In all datasets and in all top-k intervals, the accuracy of maxRD is equal or larger than the accuracy of the full information case. Generaly, the maxRD OSim values are larger than 0.6 for all datasets, except the D1 (egoFacebook) and top-1% (Fig. 3 a). Moreover, the OSim values are always larger than 0.8, in five out of eight datasets in SIR and six out of eight in SIS, for at least one of the two centrality measures.

For instance, from Figs. 3 a and 4 a, we observe that in the top-1%, a very narrow interval, the maxRD identifies more than the 80% of the influential spreaders in five datasets, D2, D5 to D8.
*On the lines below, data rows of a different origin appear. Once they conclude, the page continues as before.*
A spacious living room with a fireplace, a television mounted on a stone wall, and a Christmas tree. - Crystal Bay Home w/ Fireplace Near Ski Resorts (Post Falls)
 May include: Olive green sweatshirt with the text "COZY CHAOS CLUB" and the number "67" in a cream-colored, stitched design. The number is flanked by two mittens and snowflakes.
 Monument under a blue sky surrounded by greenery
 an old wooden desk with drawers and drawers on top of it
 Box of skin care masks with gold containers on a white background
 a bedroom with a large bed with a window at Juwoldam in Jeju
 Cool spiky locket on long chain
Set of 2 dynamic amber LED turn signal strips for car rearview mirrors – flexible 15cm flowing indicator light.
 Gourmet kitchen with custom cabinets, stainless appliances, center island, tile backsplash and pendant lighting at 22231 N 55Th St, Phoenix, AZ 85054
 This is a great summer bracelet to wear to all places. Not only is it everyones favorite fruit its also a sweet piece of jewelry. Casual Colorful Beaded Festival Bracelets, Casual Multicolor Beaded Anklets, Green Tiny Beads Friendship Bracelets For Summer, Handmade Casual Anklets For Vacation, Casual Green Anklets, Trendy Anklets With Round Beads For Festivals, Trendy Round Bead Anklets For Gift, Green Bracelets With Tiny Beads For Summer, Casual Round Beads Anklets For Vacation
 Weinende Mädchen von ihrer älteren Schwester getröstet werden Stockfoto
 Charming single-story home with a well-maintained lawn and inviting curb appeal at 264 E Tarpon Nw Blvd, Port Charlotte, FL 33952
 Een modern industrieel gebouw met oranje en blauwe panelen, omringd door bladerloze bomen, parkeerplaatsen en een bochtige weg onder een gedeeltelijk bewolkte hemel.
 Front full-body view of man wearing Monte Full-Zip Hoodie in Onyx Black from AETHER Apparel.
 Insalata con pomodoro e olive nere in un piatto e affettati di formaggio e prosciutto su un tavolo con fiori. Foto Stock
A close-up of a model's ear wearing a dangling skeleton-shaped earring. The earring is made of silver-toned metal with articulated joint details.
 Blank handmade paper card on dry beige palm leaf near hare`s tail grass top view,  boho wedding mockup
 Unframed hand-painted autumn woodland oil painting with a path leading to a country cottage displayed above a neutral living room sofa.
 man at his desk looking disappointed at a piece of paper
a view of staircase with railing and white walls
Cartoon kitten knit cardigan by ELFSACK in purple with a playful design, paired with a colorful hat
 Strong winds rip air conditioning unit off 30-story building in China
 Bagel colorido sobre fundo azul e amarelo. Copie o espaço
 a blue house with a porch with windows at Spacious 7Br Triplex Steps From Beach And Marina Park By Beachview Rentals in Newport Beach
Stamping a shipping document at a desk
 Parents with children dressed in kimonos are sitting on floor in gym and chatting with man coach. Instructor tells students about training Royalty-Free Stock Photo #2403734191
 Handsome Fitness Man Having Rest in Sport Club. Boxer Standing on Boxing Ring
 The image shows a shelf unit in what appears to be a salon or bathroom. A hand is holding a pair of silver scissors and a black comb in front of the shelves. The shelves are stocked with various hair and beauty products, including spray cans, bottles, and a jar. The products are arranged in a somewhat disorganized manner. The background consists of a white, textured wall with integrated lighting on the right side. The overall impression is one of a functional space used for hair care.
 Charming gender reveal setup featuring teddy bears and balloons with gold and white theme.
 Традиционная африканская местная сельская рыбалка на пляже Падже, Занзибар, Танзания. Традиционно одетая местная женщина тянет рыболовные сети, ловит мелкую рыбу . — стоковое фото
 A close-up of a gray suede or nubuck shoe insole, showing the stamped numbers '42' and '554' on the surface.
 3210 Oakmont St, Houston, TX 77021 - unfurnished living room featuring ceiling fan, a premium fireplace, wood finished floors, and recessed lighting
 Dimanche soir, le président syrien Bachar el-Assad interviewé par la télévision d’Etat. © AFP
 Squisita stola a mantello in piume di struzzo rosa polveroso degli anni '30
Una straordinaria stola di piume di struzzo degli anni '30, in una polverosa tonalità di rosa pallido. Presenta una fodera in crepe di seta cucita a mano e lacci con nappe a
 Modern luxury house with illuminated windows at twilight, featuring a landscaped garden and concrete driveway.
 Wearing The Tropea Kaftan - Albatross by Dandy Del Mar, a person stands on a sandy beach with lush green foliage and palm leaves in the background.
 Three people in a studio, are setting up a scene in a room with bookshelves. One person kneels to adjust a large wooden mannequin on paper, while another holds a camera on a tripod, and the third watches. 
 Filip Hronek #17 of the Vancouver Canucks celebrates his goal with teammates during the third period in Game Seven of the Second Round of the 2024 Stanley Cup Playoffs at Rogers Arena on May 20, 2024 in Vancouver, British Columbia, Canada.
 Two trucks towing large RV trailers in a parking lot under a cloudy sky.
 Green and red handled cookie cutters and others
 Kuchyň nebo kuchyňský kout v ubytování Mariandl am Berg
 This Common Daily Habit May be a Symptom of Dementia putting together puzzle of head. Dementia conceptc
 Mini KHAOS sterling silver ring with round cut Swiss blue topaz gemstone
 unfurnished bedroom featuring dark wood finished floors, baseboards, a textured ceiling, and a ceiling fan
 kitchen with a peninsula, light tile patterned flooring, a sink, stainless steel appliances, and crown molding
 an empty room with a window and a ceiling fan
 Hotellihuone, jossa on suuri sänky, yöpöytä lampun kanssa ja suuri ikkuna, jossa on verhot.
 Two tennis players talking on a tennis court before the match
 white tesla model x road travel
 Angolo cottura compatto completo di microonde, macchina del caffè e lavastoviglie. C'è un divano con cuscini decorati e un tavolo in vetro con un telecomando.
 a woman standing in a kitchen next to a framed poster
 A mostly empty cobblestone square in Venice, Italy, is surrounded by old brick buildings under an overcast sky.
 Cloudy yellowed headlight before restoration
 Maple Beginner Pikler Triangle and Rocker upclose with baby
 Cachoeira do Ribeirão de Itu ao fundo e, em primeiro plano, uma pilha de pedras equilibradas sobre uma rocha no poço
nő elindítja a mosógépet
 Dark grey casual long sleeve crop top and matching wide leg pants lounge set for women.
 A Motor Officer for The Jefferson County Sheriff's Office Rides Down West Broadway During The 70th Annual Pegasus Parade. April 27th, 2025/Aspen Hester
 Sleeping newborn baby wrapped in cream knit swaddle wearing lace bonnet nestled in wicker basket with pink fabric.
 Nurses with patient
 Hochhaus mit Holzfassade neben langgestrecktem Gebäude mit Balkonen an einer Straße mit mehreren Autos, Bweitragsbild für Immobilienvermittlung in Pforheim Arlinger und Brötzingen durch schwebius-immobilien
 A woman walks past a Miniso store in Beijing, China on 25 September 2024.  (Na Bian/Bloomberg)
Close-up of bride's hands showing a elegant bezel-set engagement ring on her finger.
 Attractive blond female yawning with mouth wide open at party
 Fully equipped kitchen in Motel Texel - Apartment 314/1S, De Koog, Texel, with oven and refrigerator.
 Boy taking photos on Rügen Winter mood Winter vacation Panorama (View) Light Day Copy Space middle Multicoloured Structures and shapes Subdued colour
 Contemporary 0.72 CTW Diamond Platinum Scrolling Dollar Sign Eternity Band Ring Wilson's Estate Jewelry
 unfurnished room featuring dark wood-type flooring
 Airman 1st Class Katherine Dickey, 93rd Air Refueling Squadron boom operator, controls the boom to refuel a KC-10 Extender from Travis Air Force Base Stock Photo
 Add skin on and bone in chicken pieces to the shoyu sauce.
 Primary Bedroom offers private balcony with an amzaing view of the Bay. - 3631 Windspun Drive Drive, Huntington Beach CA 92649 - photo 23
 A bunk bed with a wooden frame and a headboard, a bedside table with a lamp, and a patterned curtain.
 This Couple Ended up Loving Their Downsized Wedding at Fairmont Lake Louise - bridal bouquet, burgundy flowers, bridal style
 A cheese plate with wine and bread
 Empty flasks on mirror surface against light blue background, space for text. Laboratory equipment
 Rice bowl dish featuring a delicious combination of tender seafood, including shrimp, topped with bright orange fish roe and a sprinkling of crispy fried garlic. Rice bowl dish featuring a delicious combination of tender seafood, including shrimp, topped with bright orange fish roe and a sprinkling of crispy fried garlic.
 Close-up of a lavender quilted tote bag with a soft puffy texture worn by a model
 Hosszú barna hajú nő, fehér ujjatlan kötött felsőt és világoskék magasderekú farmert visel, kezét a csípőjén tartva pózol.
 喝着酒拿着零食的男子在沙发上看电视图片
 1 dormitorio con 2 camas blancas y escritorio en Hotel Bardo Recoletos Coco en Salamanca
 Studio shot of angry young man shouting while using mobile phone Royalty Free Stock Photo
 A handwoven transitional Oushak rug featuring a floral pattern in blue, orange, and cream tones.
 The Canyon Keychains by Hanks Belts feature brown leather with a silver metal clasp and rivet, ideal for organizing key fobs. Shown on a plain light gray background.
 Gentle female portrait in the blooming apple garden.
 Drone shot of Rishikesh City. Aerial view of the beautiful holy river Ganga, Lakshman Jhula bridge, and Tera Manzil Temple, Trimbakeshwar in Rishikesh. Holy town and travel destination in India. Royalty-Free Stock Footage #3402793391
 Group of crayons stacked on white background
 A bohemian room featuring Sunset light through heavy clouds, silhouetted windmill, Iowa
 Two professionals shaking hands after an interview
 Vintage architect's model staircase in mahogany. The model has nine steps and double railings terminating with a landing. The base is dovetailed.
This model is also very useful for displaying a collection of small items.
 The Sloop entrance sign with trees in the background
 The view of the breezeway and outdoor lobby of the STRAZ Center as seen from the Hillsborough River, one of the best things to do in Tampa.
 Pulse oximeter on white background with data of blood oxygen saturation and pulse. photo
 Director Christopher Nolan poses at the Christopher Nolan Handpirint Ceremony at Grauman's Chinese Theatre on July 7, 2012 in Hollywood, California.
An important result is that the maxRD OSim values, in terms of degree centrality, are generally very close to the OSim values with respect to the k-core, obtained from the original graph. This means that by sampling the 20% of the graph and by using only local information/measure, that is the degree centrality in the generated samples, we can approximate the accuracy of k-core (global information) computed in the original graph. We note that the k-core is generally more accurate than the degree centrality (see Kitsak et al. 2010).

Ranking similarity

We continue the analysis examining the Kendall tau rank correlation coefficient measure. For a given graph G, top-k and centrality measure, we apply the Kendall tau measure between the ranked centrality values of the nodes in the maxRD samples with the centrality values that those nodes have in any position of the ground truth ranking. We follow the same procedures for the top-k nodes of the full information case, that is, when we compute the centrality values in the original Graph.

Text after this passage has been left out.